Rhetorical DIKW Pyramid

Reframing the DIKW pyramid around rhetoric prioritizes concern for change, mobility, and justice that reflects present and future justice and sustainability (Aristotle 2007, Edbauer 2005, Hinks 1940, Gries 2015). It also builds metalanguage for students entering DIKW driven fields, particularly in science, technology, engineering, and math (STEM) wherein these concepts are gateways to dealing with human (and humanities) issues. The DIKW pyramid exists, in part, to rationalize how machines can process human experiences, so metalingual ways to interact with these boundary terms benefits humanists while maintaining their disciplinary concerns (Kelleher and Tierney 2018). Furthermore, engaging with DIKW helps rhetoricians and compositionists re-engage with what ‘knowledge’ means to people with other concerns, whose knowledge-making experiences are shaped by the ecology of circulation platforms and technology (Gunkel 2009 pp. 63). Therefore, a rhetorical rendering of the DIKW pyramid would transform it from figure 2 to reflect the recursivity and futurity (connecting past, present and future) rhetorical inquiry requires, like in figure 7.

Figure 7: Full DIKW Pyramid in the style of Kithin’s from figure 2, with new verbs and descriptions that emphasize the ecological and rhetorical processes that connect the same levels (World up through Data, Information, Knowledge, and Wisdom).

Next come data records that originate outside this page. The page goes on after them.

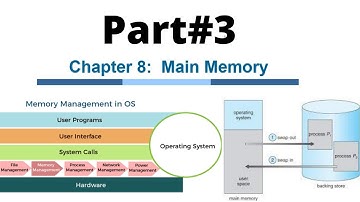 Chapter#8 || Main Memory part 3 || Operating System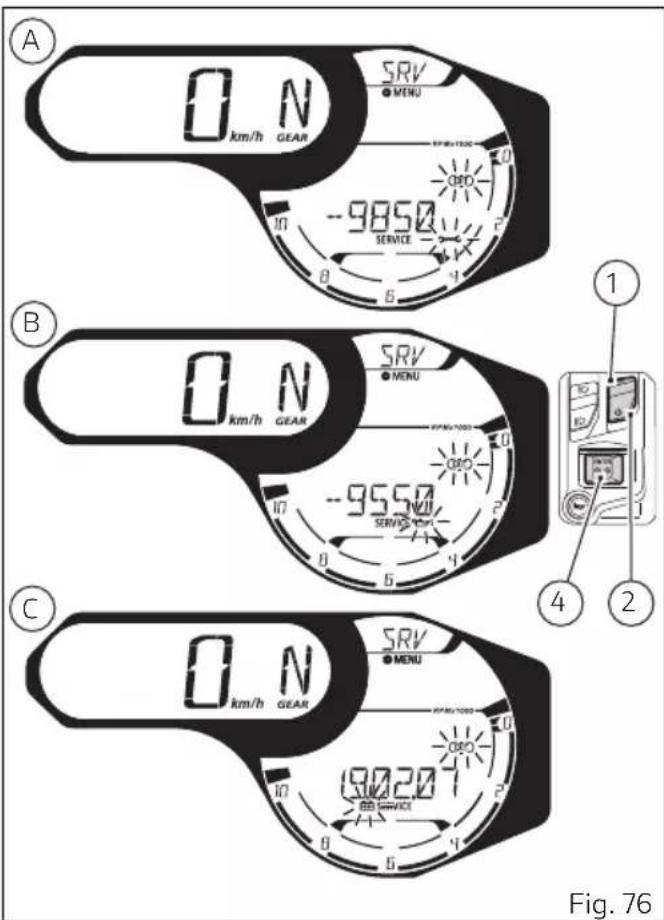 DUCATI 1100 Dark PRO (2021) - Indication seuils du Service (SRV) - 2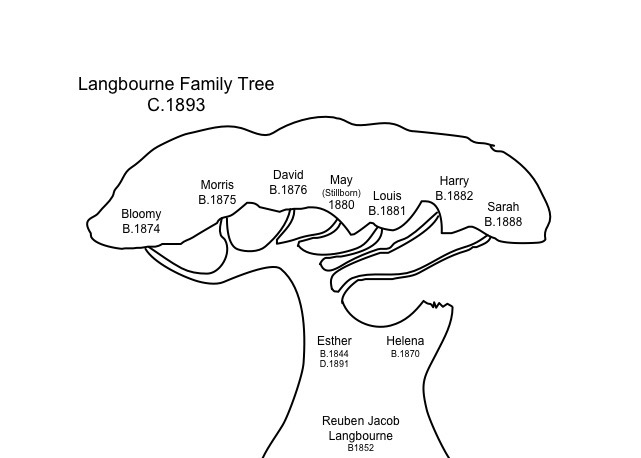 Langbourne Family Tree for Web.jpg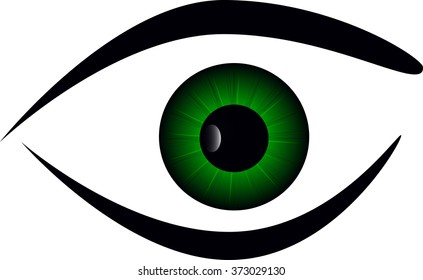 eye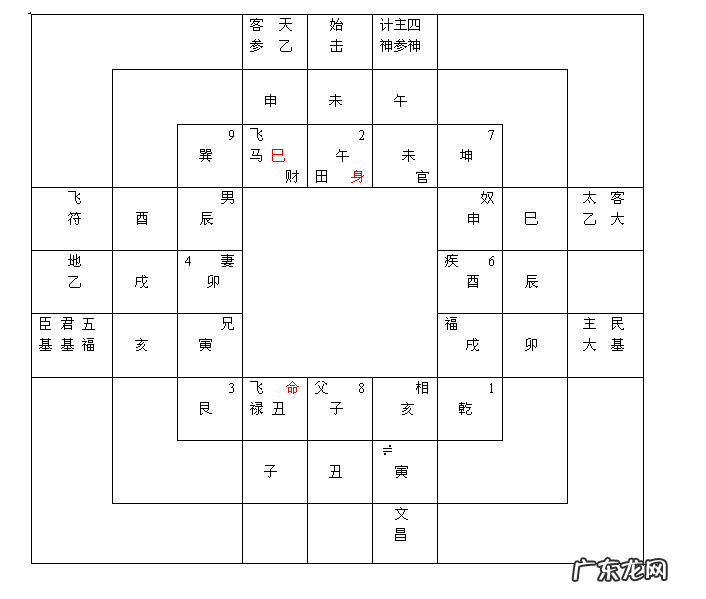 402这个数字的寓意 风水上402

Figure 7 reiterates rhetorical relationships between each level, treating them as ecologically related (that is, affecting each other across time and location) rather than as a linear process foregrounding reduction. The productive trouble inherent in recognizing recursivity (Law 2004) reflects daily life’s messy interactions rather than assuming all knowledge-production is a clean, laboratory-driven process (similar to the shift from rhetorical situations to rhetorical ecologies Edbauer (2005) argues for). This pyramid employs more verbs to emphasize the plastic and movement-oriented nature of rhetorical inquiry while resisting docilely practicing it. Circulation deals practically with the way experience-sharing is revolutionized in the 21st century, but it also provides precedence for understanding the recursivity involved in knowledge labor on which we should maintain a firm grip.

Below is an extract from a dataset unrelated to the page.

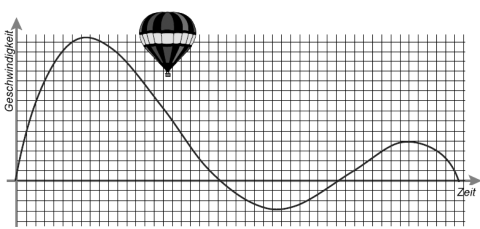 Heißluftballon.png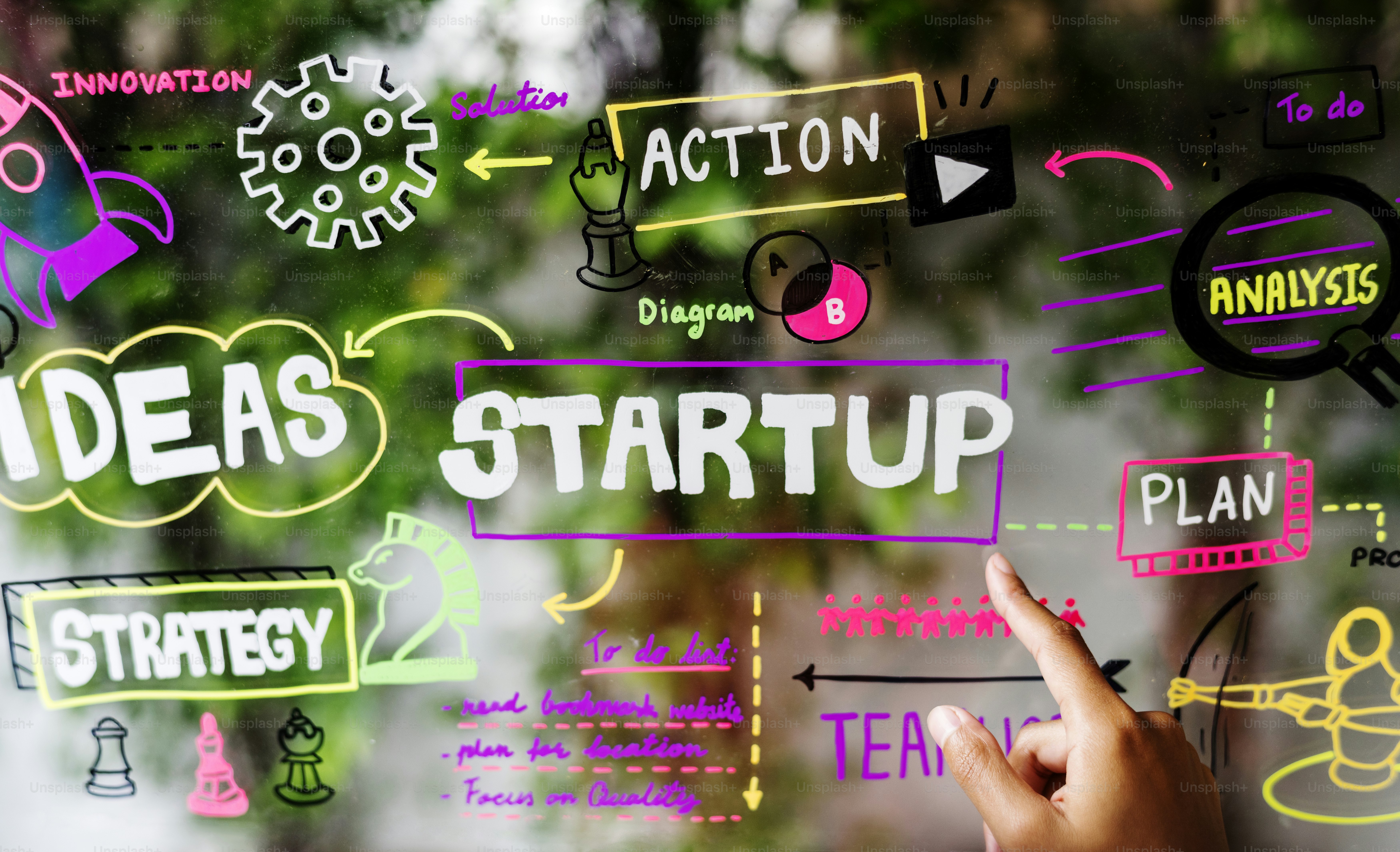 startup ideas 2026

Information Theory avoids assuming that humans set out to make purposeful wisdom, implying it is always emergent and collective, so a machine can accomplish the same labor apolitically. The logic at work implies humanity has innocently (maybe luckily) produced the world’s current state because it is the best possible, or that our traditions and laws result from a higher wisdom we are pragmatically realizing. Both visions imply conservative bias. Intersectionally and ecologically, a great deal of suffering is perceptible in everyday life, and Rhetorical DIKW emphasize the choices and labor necessary to make knowledge and present the skills students need to develop even if machines automate portions of the labor. Thinking about wisdom as a purposeful and lasting product also highlights that we can choose to repair injustice and ecological damage (or not). What’s left to explore is what GenAI can contribute to these projects and fit into this rhetorical pedagogy.